Marie, Secours des Chrétiens : une aurore de confiance

blank

 

Saint du Jour, 18 mai 1964
Par Plinio Corrêa de Oliveira
Nous sommes dans la neuvaine pour la fête de Marie, Secours des Chrétiens, et je pense que nous pourrions en dire quelque chose. Il y a tant de perspectives sous lesquelles la Vierge Marie est le secours des chrétiens que nous pourrions presque rédiger une encyclopédie sur ce sujet. Mais j’ai l’impression qu’un aspect que nous pourrions particulièrement considérer ici, et qui, à mon avis, est la partie la plus vivante de la dévotion mariale, est le suivant :
Une dévotion vivante à la Vierge Marie commence généralement par son secours, qui fait naître dans nos âmes une aurore de confiance. Chez tous ceux qui ont une véritable dévotion vivante à la Vierge Marie, cette dévotion commence généralement par une sorte de bienfaits accordés par elle. On se trouve en difficulté — parfois ce sont des problèmes spirituels, parfois des problèmes temporels, parfois les deux à la fois — et l’on demande à la Vierge Marie d’être libéré de ces épreuves.

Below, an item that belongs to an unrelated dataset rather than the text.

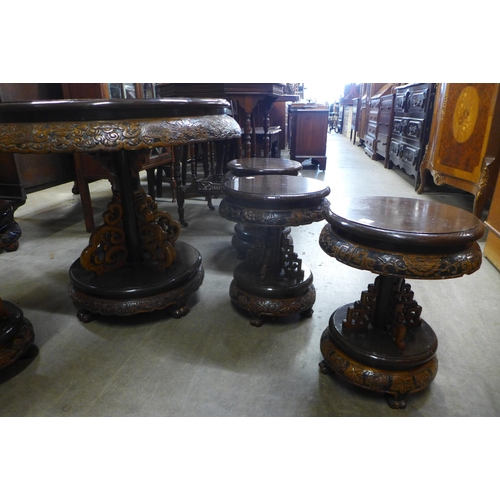 148 - An eastern carved hardwood circular table and four stools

Et Notre-Dame, en même temps qu’elle délivre la personne de ces situations difficiles, opère quelque chose dans l’âme, dans le domaine de l’impalpable et de la grâce, par quoi elle fait l’expérience de la bienveillance maternelle, souriante, aimable et douce de Notre-Dame, et avec cela, une espérance vivante d’être exaucé à nouveau dans d’autres situations difficiles.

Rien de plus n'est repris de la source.